10 WWE Secrets Leading Up To WrestleMania 35
Wrestling is huge business. The popularity of the sport and the spectacle surrounding it, has increased to stellar proportions over the last decade. The shows are huge, they make enormous amounts of money and the stars are celebrities. So what will happen in Wrestlemania 35 when it takes place in 2019? Well, judging by the past shows, there are certain expectations that will probably be fulfilled. They are well orchestrated and planned and much of the events are pre planned. The shows are made to be true spectacles and that means they need to look impressive. So much effort and stage management goes into them to ensure they appear to be the slick, glamorous events that the public expect.

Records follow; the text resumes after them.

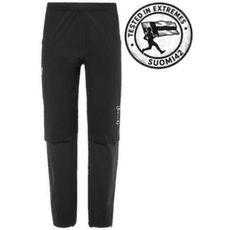 Spodnie Millet Intense Pro 2,5L Pant NOIR NEW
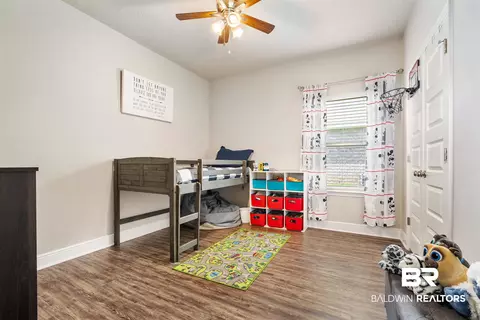 10199 Dunleith Loop, Daphne, AL 36526 photo 21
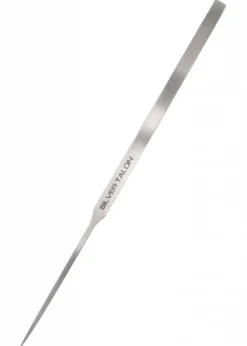 Extrema Ratio SILVER TALON, Küchenmesser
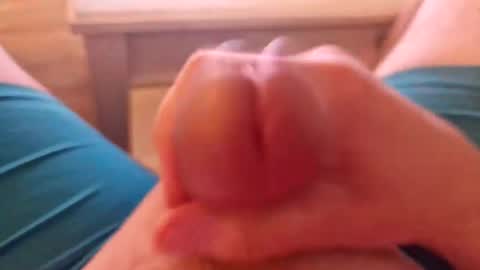 Snapshot of mrpole73 chatting on February 2026 07:19:02 PM mrpole73 online show from February 2026 07:19:02 PM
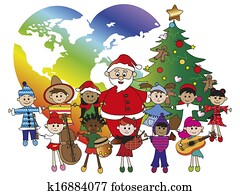 christmas christmas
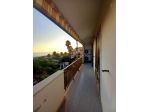 Appartamento lungomare Cetraro Cs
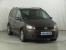 ������������� Volkswagen Touran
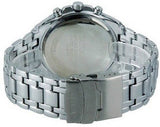 3wish CUR-BLUE Silver Blue 8023 Analog Watch  - For Boys, Men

As the next Wrestlemania event is announced and anticipated, these are some of the secrets about WWE that are not evident from the shows that we will no doubt see in Wrestlemania 35.
10. They pump noises into the stadiums
Wrestling matches are noisy. The crowd appear to be pumped and hyped and the commentators and comperes appear to be encouraging this. Noise makes a good show, cheers and boos provide atmosphere. When watching some of these events, viewers can hear loud noises and cheers or boos as stars enter the arena, much like a boxing match. This is partly because WWE organisers pump extra noise into the stadium to increase the atmosphere. There are loud crowd noises added to the audio to increase the impression that the crowd are loving every moment and gripped by the entertainment.
However, if the crowd is scrutinised when the noise seems intense, it can be seen that they are not actually shouting or screaming but chatting amongst themselves or not even in their seats. This will not do for the organisers, who need to give the image of wrestling a noisier feel. WWE events are pre-recorded before being shown on tv, so the editors have time to add extra noise into the tapes. They need to hype up their superstars and make them look even more popular.
9. Camera work
Camera work is a huge part of the impression that WWE needs to create. There are many cameramen and women involved in each show and editors work tirelessly to give the best image of the stars and the audience. Editors make sure that the image that they want to portray is shown on screen. Wrestlers understand how important this is to the success of the show. They are encouraged to ‘play’ with the cameramen and to look in the direction of cameras that will give the best and most dramatic shots of their facial expressions or demeanor.
The camera operatives are also well trained to avoid focusing on the wrestlers when they are speaking to each other. If a camera catches this, a different shot will be chosen to avoid seeing the close conversation between the stars. If they happen to be filming live, this is vital to keep the integrity of the show intact. So many cameramen are involved in the filming that another shot can easily be chosen instead, and this is a vital part of the format of the show. The producers have a range of camera angles they can choose from to ensure they are portraying the image they want to create.
8. Referee involvement
The referees in WWE televised matches may not seem to have an awful lot to do but this is far from the truth. The cameras may not pan onto them when they are carrying out their work, but they are in fact concentrating on their work permanently. The referees are integral in working out the timings of the matches and the rounds. They warn the wrestlers when they are about to finish their round or to go to a commercial break. They also have the task of setting up the wrestling ring before the match and of scrutinizing the script of how the match will go and how it will finish.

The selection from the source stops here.